Я, конечно, далек от того, чтобы подвергать сомнению серьезность намерений и профессионализм Тома Келли, хотя надо признать, что он — не самый яркий представитель американской школы фотографии. Тут вопрос в другом. Я уже отмечал, что в подавляющем большинстве фотоизображений Мэрилин сама создает специфическую для себя гармонию, своего рода по́левый эффект. Это прослеживается и на календарях, хотя, наверное, требует доказательств. Попробую их представить. Начать с того, что на обоих календарях изображена фигура на фоне драпировки (уже одно это привносит в изображение эстетический момент), и фон этот не менее важен, чем сама фигура. Кроваво-красная, пылающая, точно зарево, материя с волновыми тенями складок и переливчатое мерцание тела — этот эффект, безусловно, придуман и выполнен фотографом; он придает изображению формальную законченность картины, что, кстати, подтверждается романтически диагональным расположением фигуры Это особенно очевидно при сопоставлении работы Келли с обычными «плэйбойевскими» картинками, где композиция, как говорится, произвольна и ничем не «скована», а фон — предметный ли, нет — всегда инертен. Но не романтическая же диагональ способна превратить «фотку» в художественное произведение. Келли предлагает относиться к его календарям именно как к «произведениям искусства», однако в таком случае мы вправе предъявить автору повышенные требования, и тогда его собственные позиции художника-фотографа окажутся уязвимыми.

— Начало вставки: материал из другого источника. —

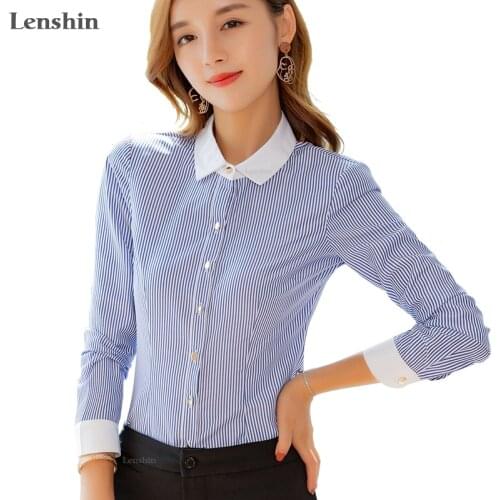 Lenshin Blue and White Stripe Shirts for Women Long Sleeve Blouse Work Wear Office Lady Female Tops Chemise Contrast Collar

В самом деле, композиция, как бы она ни была «прочна», еще не вся картина, особенно когда речь идет о женском портрете. Трудно, конечно, судить о том, какие художественные задачи ставил перед собой Келли, когда снимал Мэрилин. Не знаю, хотел он того или нет, но получился у него самый настоящий портрет женщины, и пусть никого не смущает то третьестепенное обстоятельство, что это — портретобнаженнойженщины (читателям, осведомленным в классической живописи, могу напомнить в этой связи обеих гойевских «мах»). Важно, однако, что небезгрешна именно композиция. Например, на календаре «Золотые грезы» рука Мэрилин явно неудачно даже не закинута — заломлена: мало того что рука зачем-то закрывает один глаз, она еще кажется обрубленной по локоть, вызывая при этом самые неприятные ассоциации. Тем более что в данном случае локоть оказался крайней точкой в диагонали, по которой, как уже говорилось, и расположена фигура Мэрилин. Далее, из-за того, что фон в левой части этого календаря фактурно не определен (здесь нет моделирующих складок), верхняя половина тела как бы «повисает» в пространстве. Все это — композиционные недостатки. Не вполне удалась поза и на другом календаре, «Нечто новенькое». Композиция здесь значительно романтичнее и динамичнее, она практически целиком представляет собой одну диагональ. Фотограф стремился придать позе Мэрилин характер полета либо динамического скольжения вдоль струящихся волн-складок. Отсюда — напряженная вытянутость всей фигуры от пальцев рук до пальцев ног. Однако правая рука уж очень искусственно закинута куда-то вверх, за голову, из-за чего взгляд Мэрилин через плечо кажется сделанным как бы через силу. Хотя Келли и убежден в прочности выбранной композиции, она далеко не так прочна, как ему кажется. Чтобы убедиться в этом, достаточно «положить» этот календарь на правую длинную сторону: фигура тотчас «покатится» вниз. Вообще, обе композиции в целом (если говорить именно о них) производят впечатление какой-то надрывной изломанности, даже истерического порыва. Однако ни то, ни другое не имеет никакого отношения собственно к Мэрилин, ибо подобные позы можно заставить принять кого угодно.